*TRY IT*
Keep the pictures out while you transcribe the listing below exactly.

*RECORDED DATA*
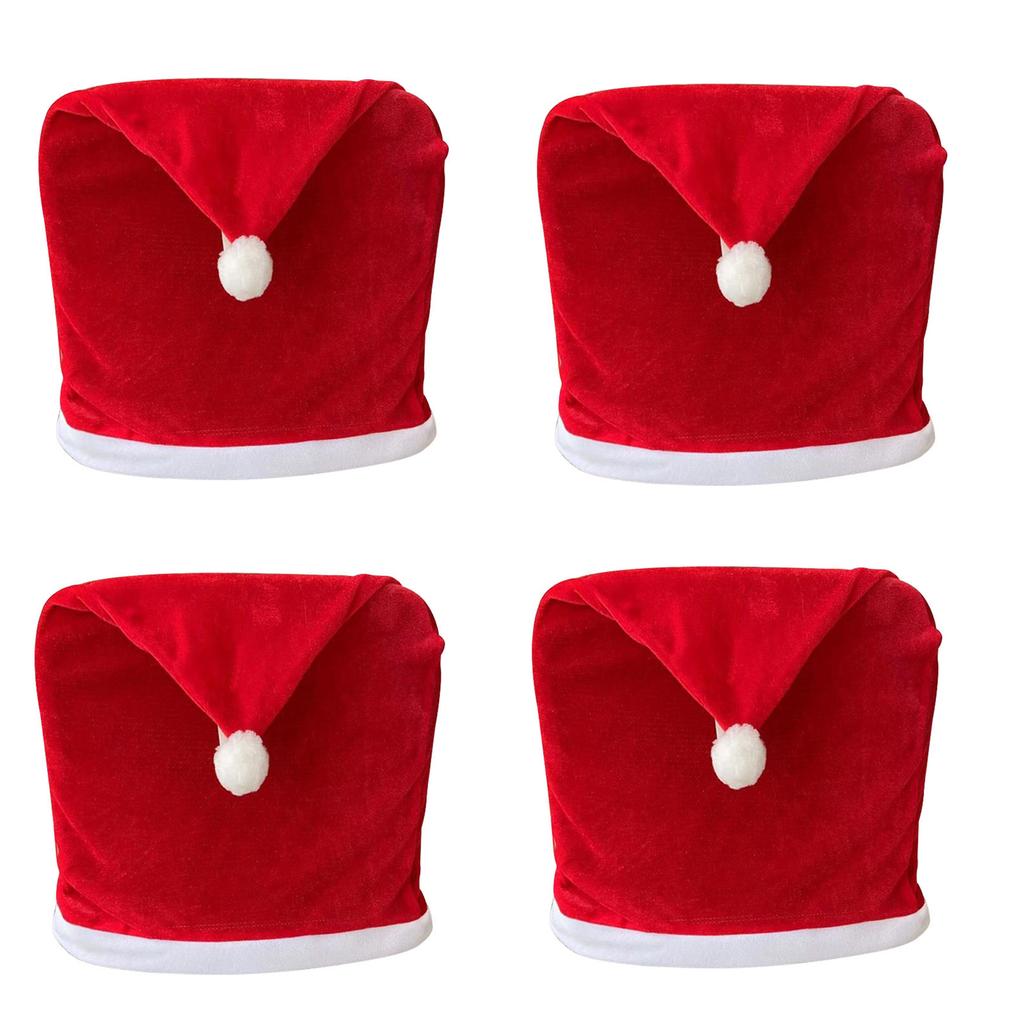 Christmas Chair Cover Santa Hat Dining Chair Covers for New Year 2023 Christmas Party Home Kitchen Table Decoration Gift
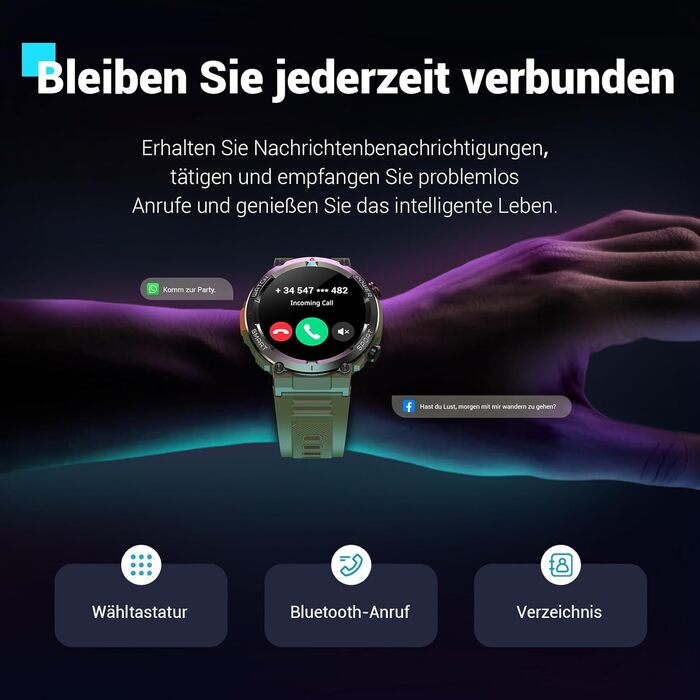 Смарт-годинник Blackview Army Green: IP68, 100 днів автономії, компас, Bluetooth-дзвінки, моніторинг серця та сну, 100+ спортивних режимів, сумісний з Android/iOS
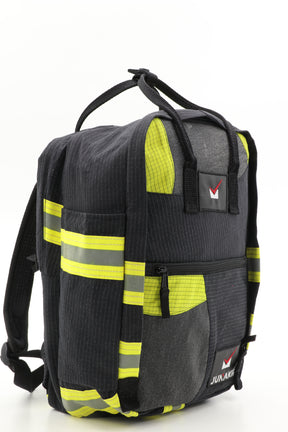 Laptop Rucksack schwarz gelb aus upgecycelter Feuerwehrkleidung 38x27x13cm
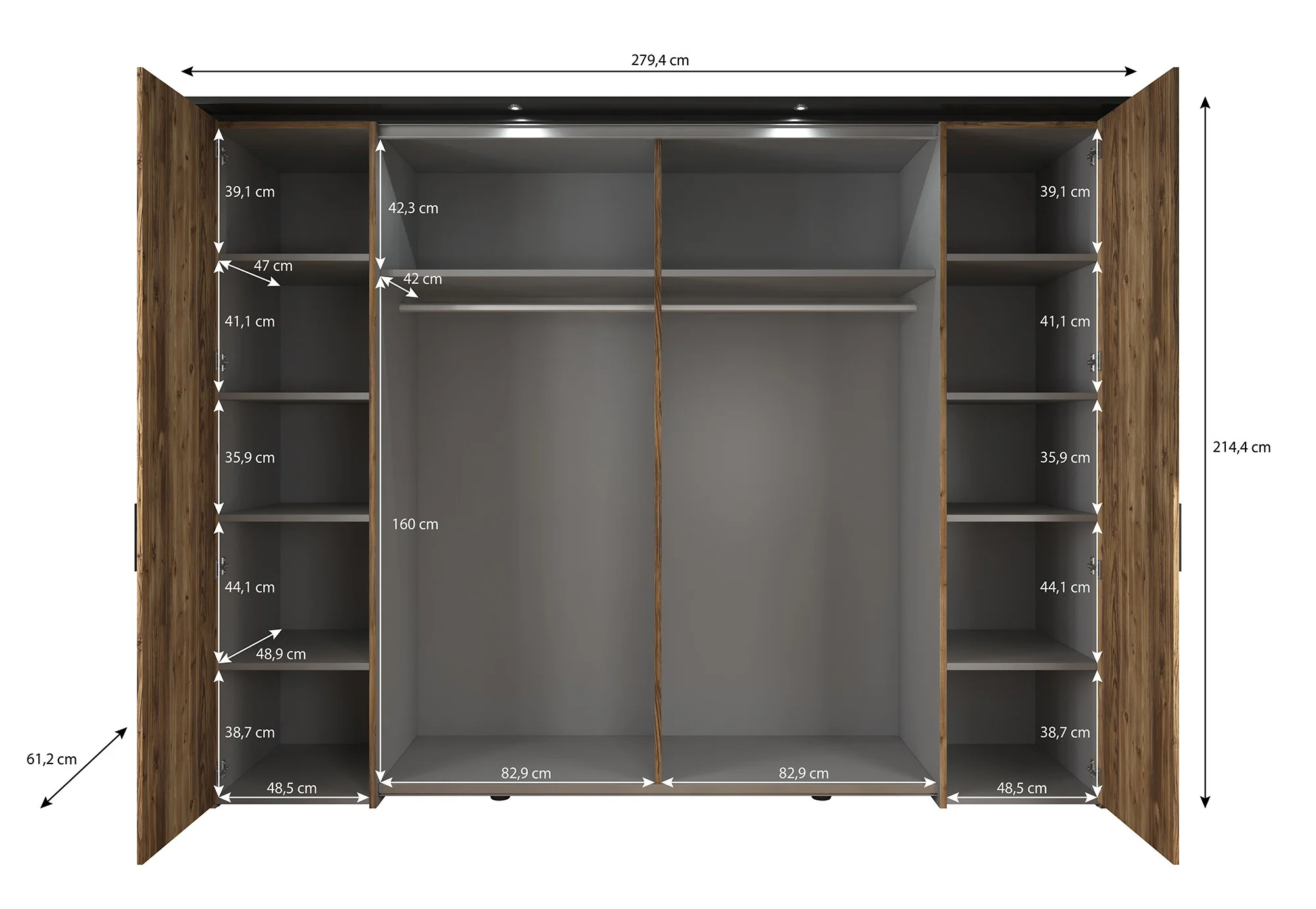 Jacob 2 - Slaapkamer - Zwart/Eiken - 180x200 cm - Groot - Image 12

*REPLY TO THE TASK*
 Christmas Chair Cover Santa Hat Dining Chair Covers for New Year 2023 Christmas Party Home Kitchen Table Decoration Gift
 Смарт-годинник Blackview Army Green: IP68, 100 днів автономії, компас, Bluetooth-дзвінки, моніторинг серця та сну, 100+ спортивних режимів, сумісний з Android/iOS
 Laptop Rucksack schwarz gelb aus upgecycelter Feuerwehrkleidung 38x27x13cm
 Jacob 2 - Slaapkamer - Zwart/Eiken - 180x200 cm - Groot - Image 12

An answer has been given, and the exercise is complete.